According to Robert Carroll of the Wall Street Journal, McCain’s health-care insurance tax credit proposal is most misunderstood but “Almost Everyone Would Do Better Under the McCain Health Plan.”
Carroll goes into some detail explaining how the actual McCain proposal contradicts Obama’s statements about it, because the plan “exceeds the value of the current exclusion for all income levels shown.”
The plan would provide more resources for the purchase of health insurance than the existing, or current, exclusion and the total subsidy for health care “would rise from about $3.6 trillion over 10 years today to roughly $5 trillion under his proposal.”
According to some of the nation’s top economists in the Treasury Department's Office of Tax Analysis and estimates by the respected private health-care research firm, The Lewin Group, the McCain credit would increase the number of insured by 15 to 21 million.

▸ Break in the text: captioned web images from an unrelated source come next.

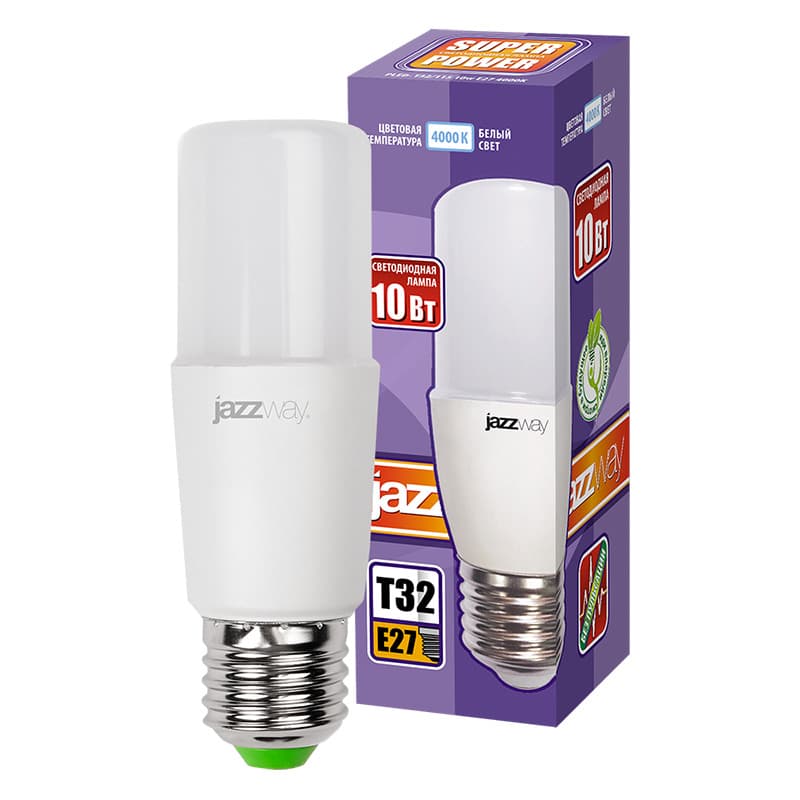 Лампа светодиодная LED 10вт E27 белый T32 800Lm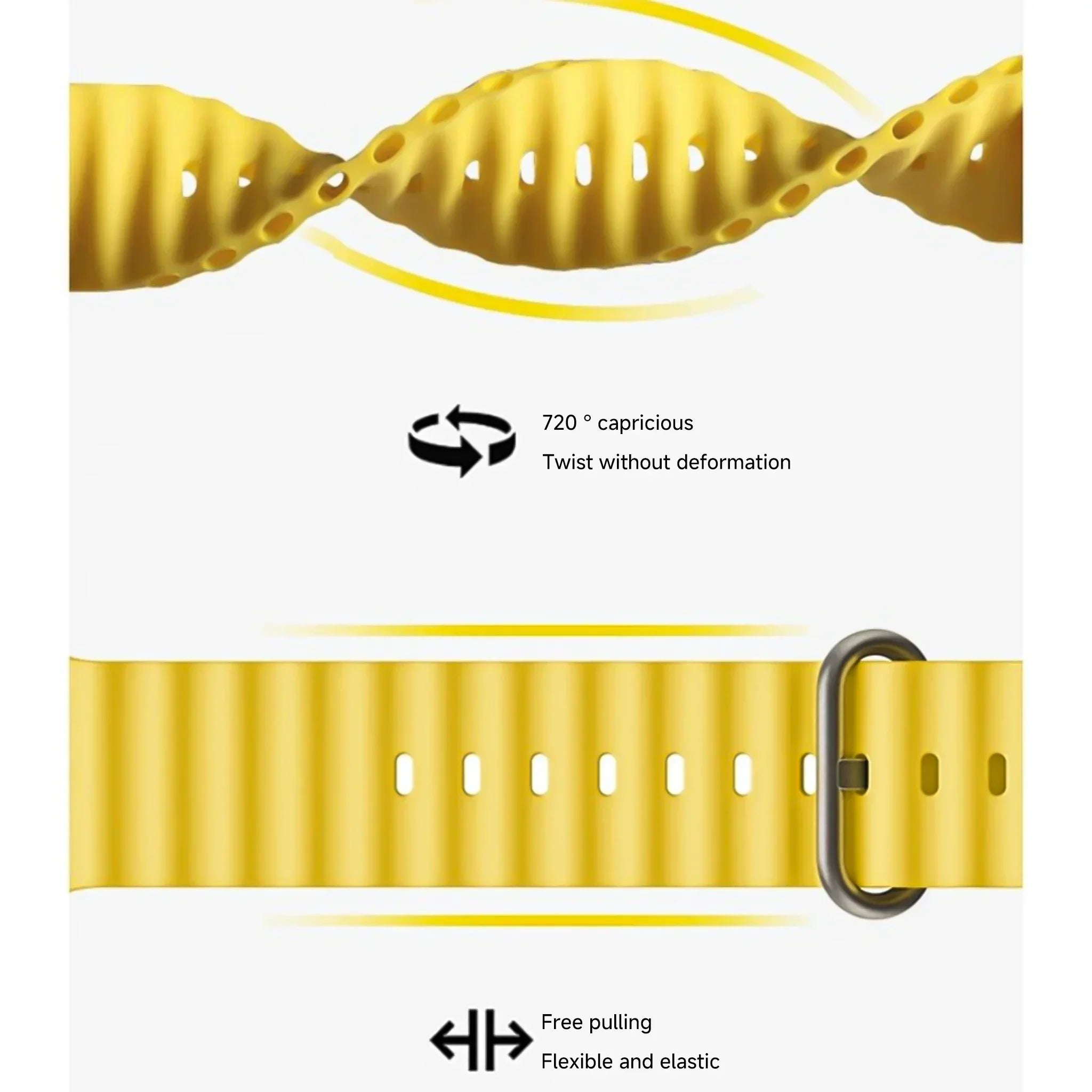 Silicone Ocean band for Apple Watch band Series Ultra 11 9 8 7 6 5 4 10 SE Apple Watch band 42mm 44mm 45mm 49mm 40mm 41mm 46mm bands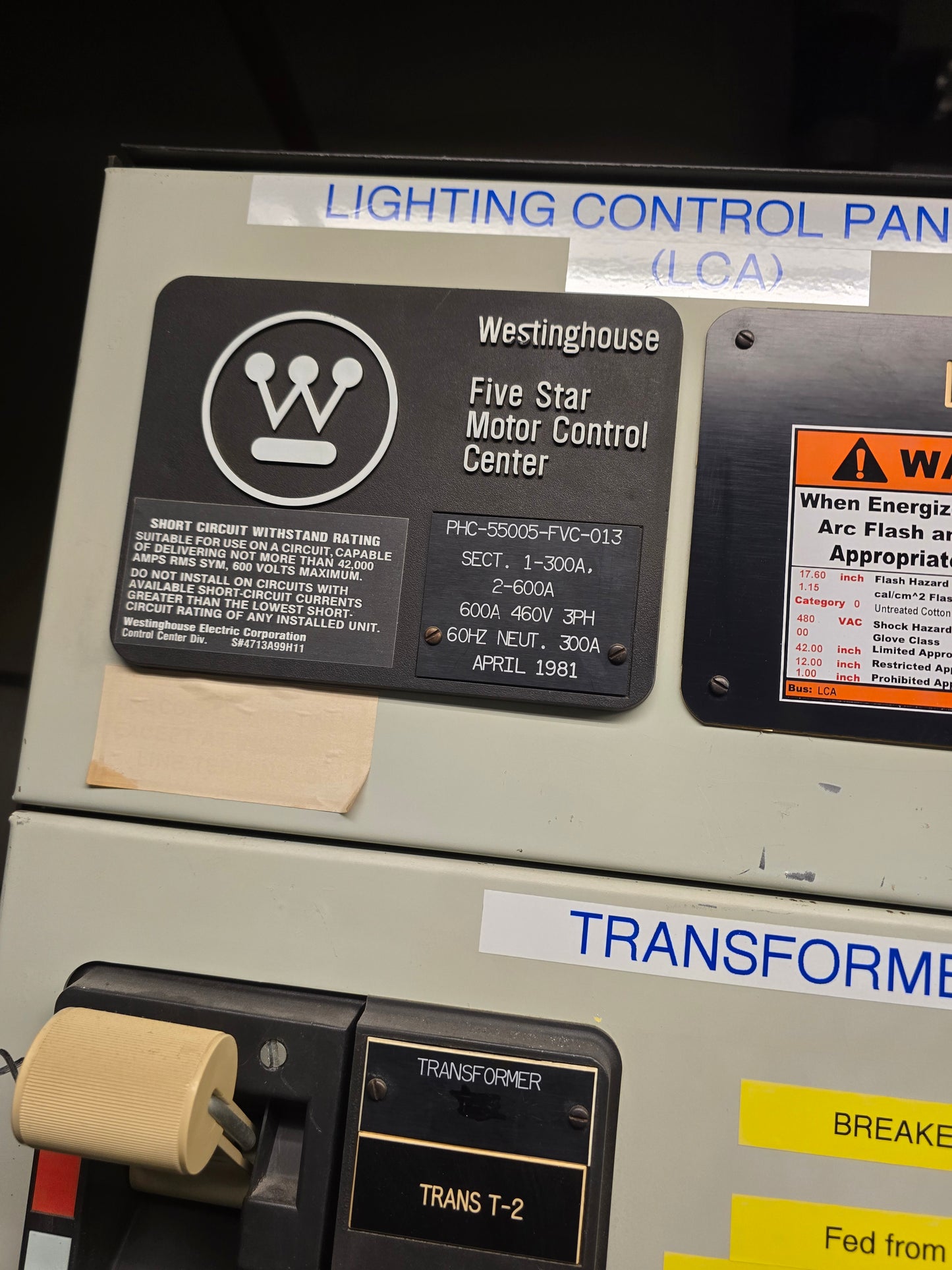 Westinghouse Five Star Motor Control Center MCC 600A 480V 3PH 3-Pole 15 Switches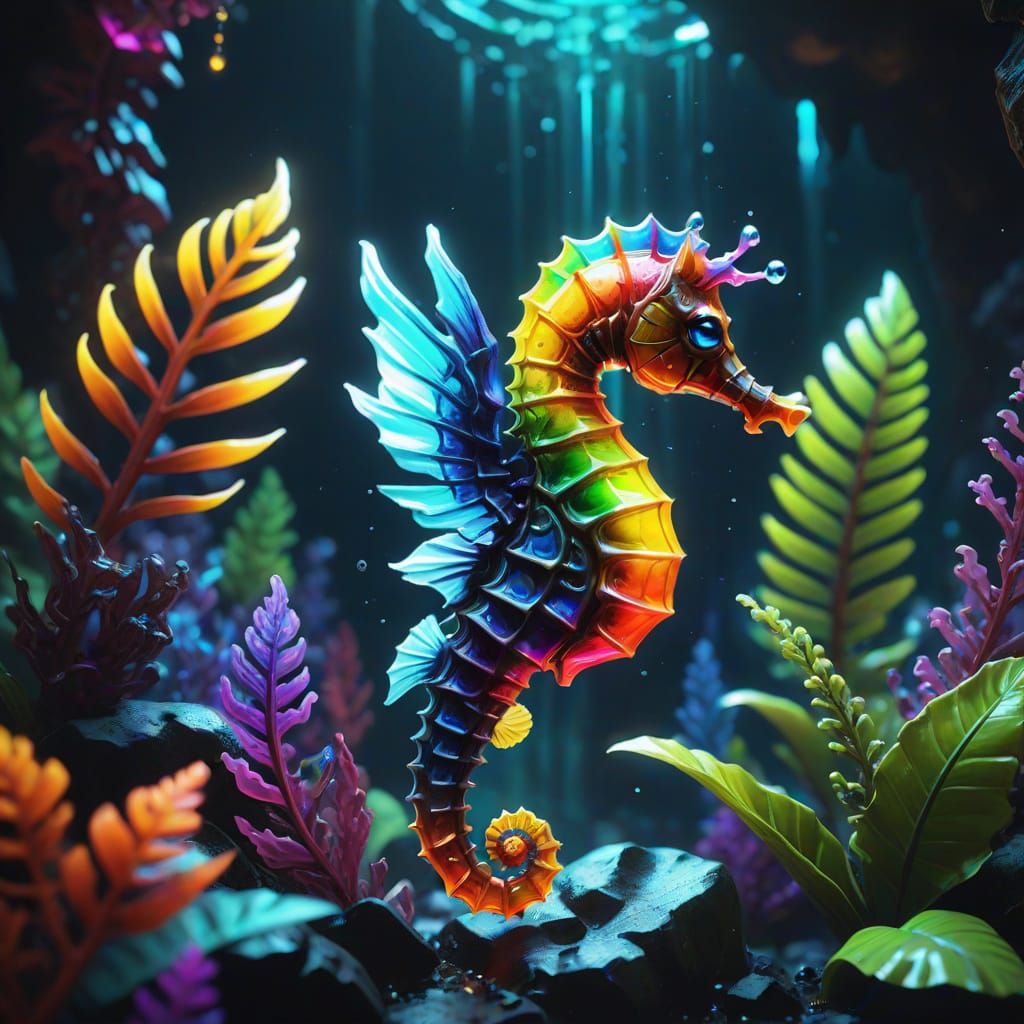 Enchanted Rainbow Seahorse in Neon Bioluminescent Haven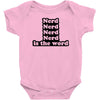 nerd is the word Baby Onesie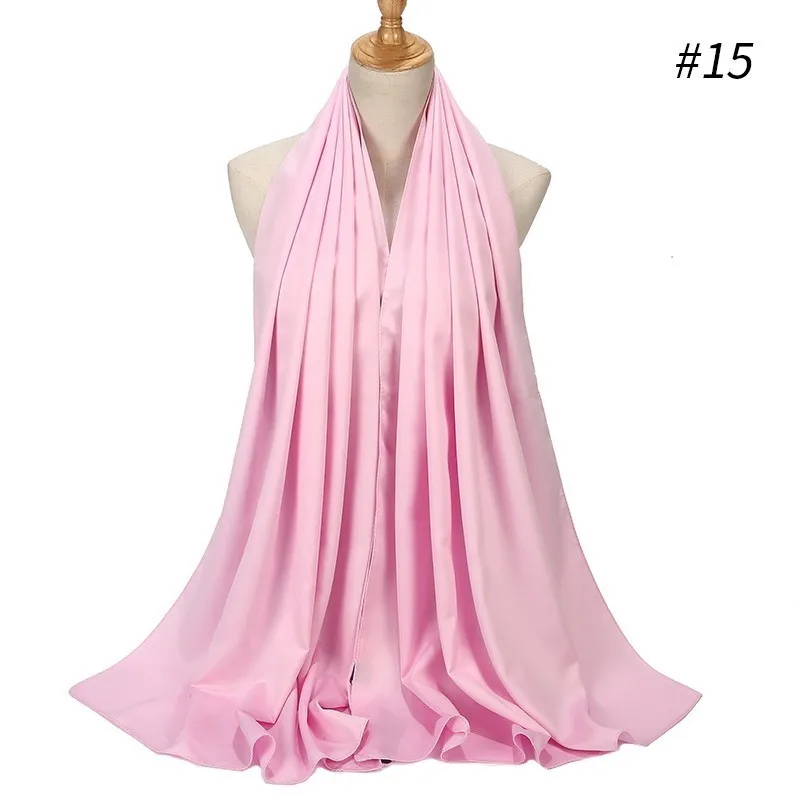 Мусульманские шарфы/шарф гладкий матовый цвет атласный шарф шали однотонные сатиновый хиджаб 32 цвета - Цвет: Pink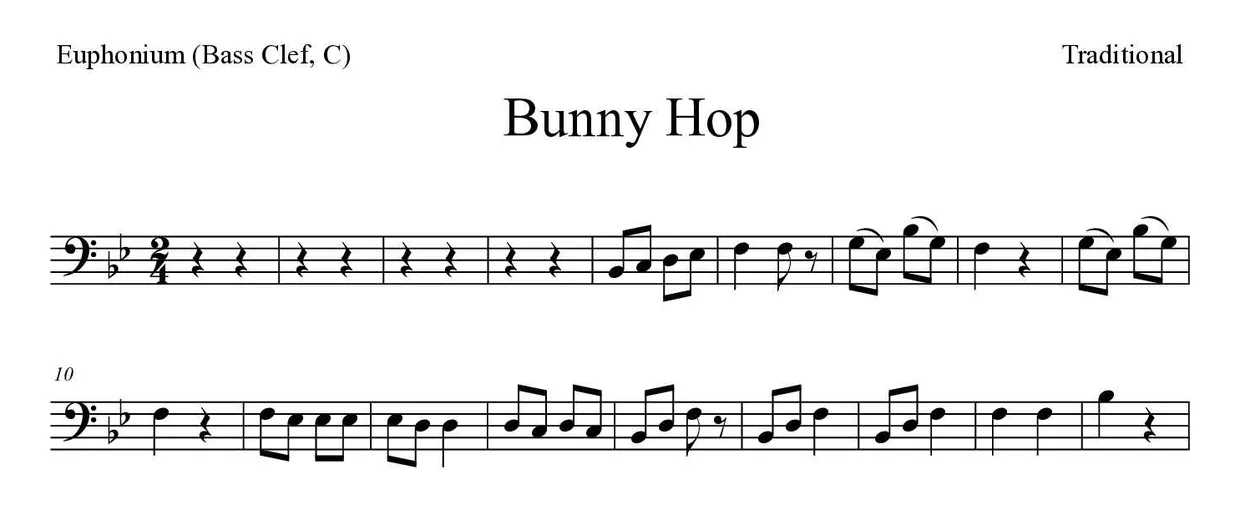 Sheet music of Bunny Hop for euphonium (bass clef, C) (Medium), first lines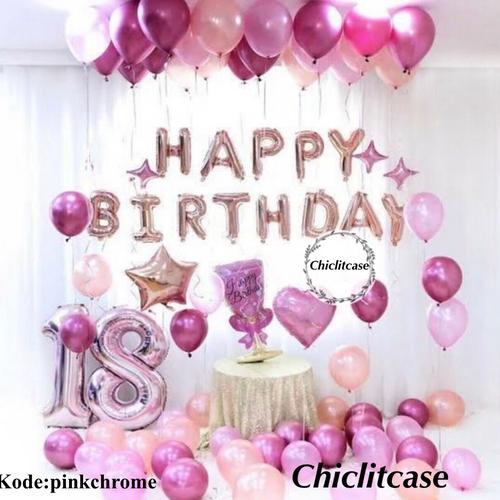 Foto Produk Set paket balon ulang tahun chrome pink red dekorasi birthday fancy dari chic lit case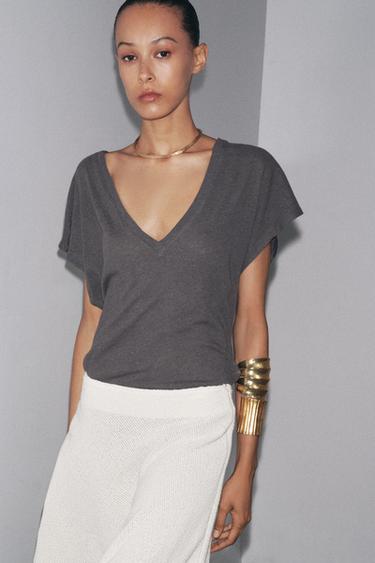 Zara Футболка из хлопково-леновой смеси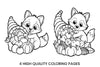 Autumn Fox with Cornucopia Coloring Books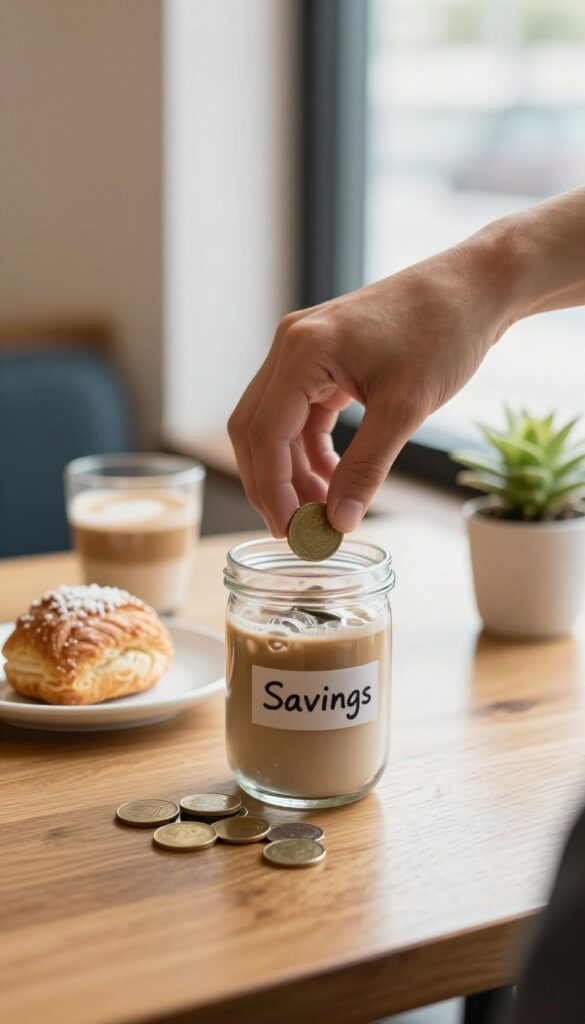Hand saving coins in a glass jar with a latte and pastry blurred in background, symbolizing small savings adding up.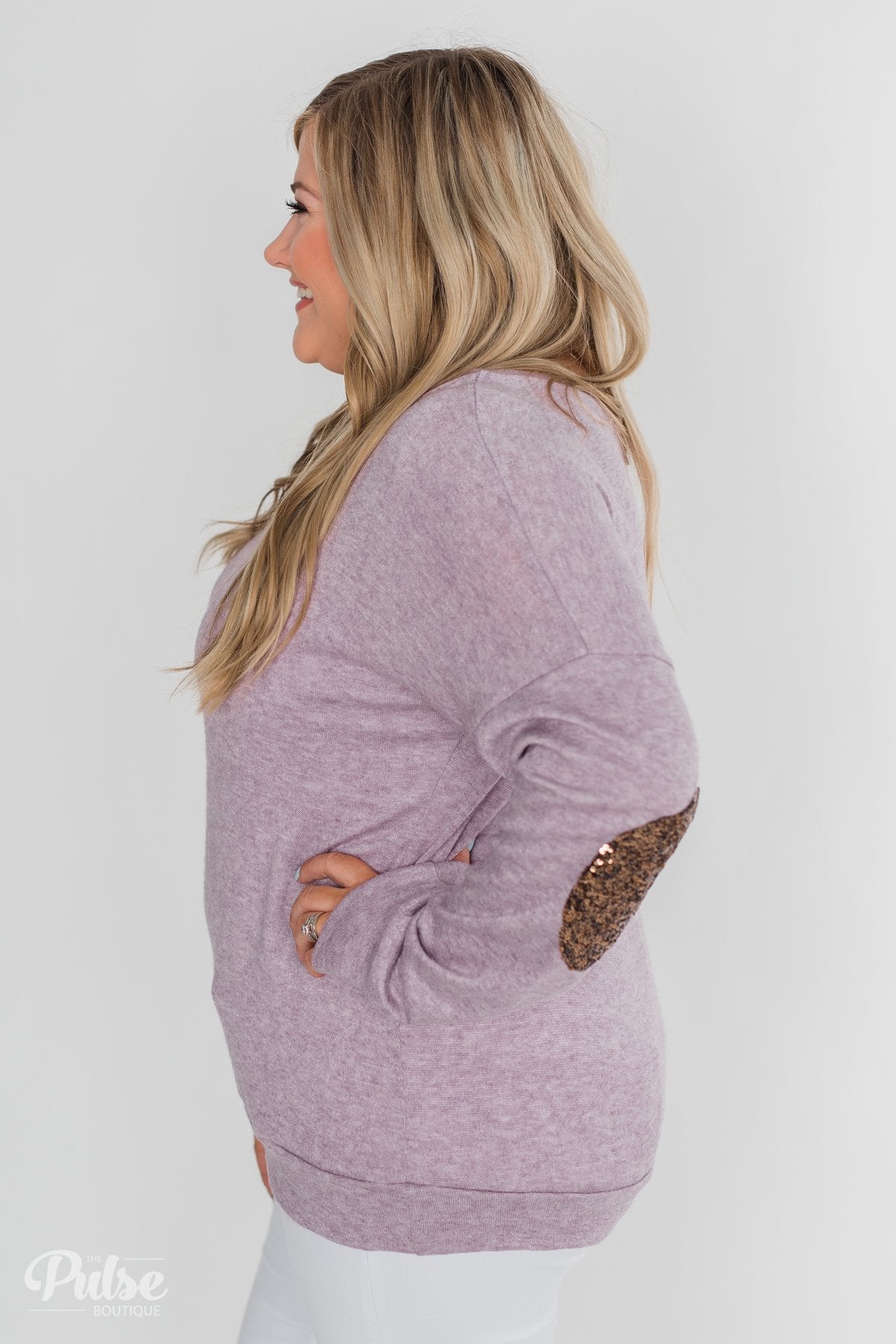 Good Times Sequin Elbow Patch Pullover - Lilac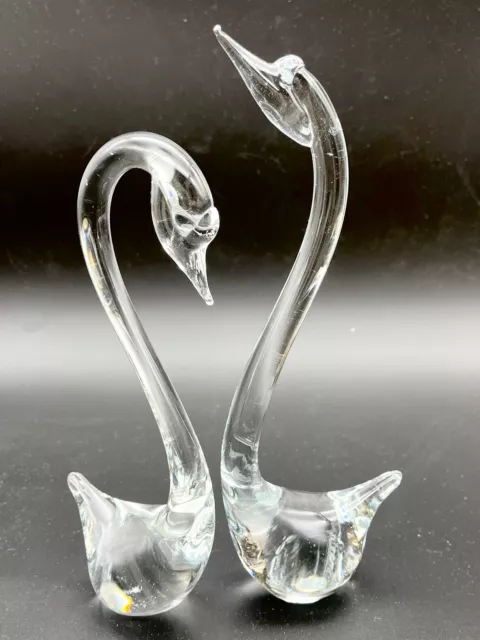 Vintage Set of Clear Crystal Swan Figurines Long Neck MCM 8" & 9.5" Tall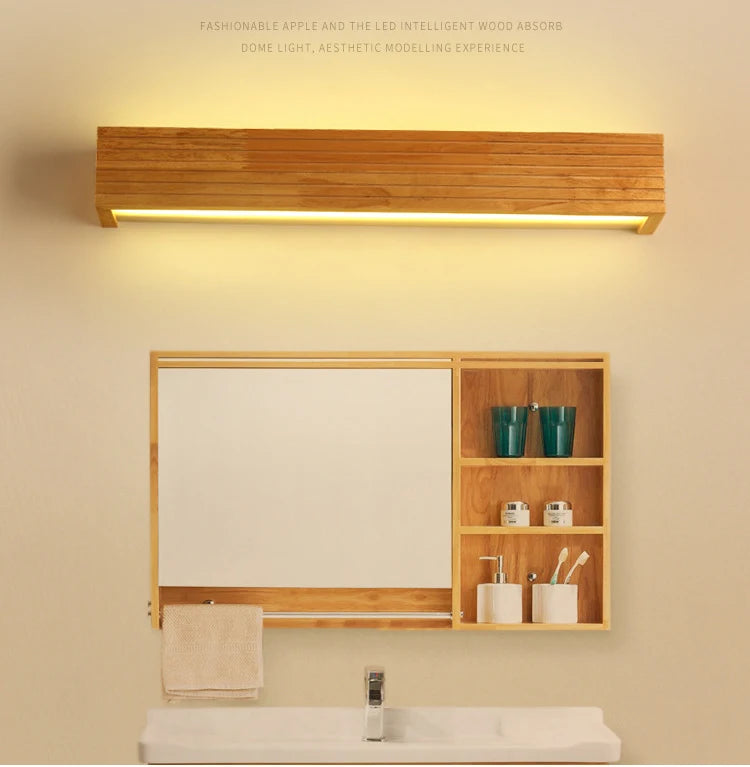 Modern Bathroom Mirror Wall Lamps Nordic Solid Wooden LED Sconce light   Linear Bedroom bedside Corridor staircase Lighting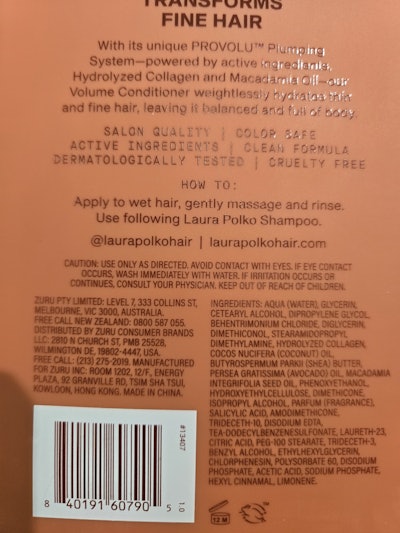 Laura Polko Volume Conditioner With Collagen Ingredients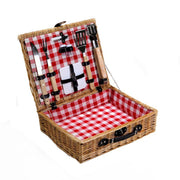 Picnic campestre mimbre con accesorios barbacoa cm50x40h14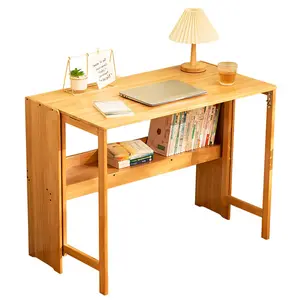 BamboFolding Desk with Bookshelf, Compact Computer Desk with Hutch for Small Spaces, Foldable Desk with Storage Shelf, Space-Saving Home Office Desk for Bedroom, Dorm, Apartment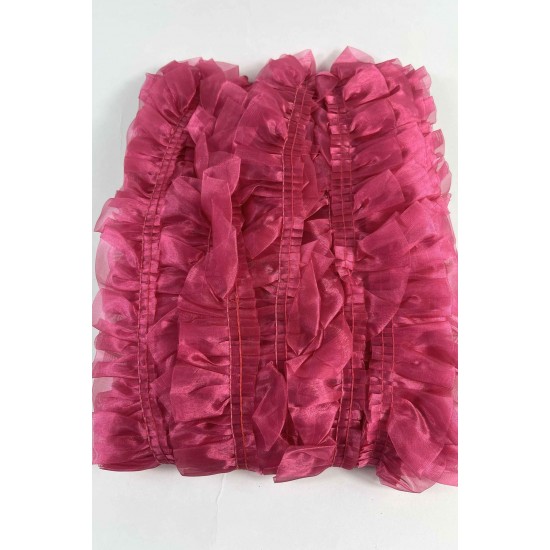 Fuşya Organlisse Organze Fırfır Şerit &ndash; Volanlı Romantik S&uuml;sleme Şeridi 1 Metre-ORGANLISSE-5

The objective of the McCain proposal is to reduce the current tax bias that encourages people to funnel routine health expenses through insurance policies.
It is much more likely to be a plan with higher deductibles that is more focused on providing true insurance against catastrophic losses rather than a more generous plan that includes a lot of prepayment for routine and predictable medical expenses.
Carroll, vice president for economic policy at the Tax Foundation, writes that McCain’s Health Care plan will be good for the economy due to the most important aspect of the proposal.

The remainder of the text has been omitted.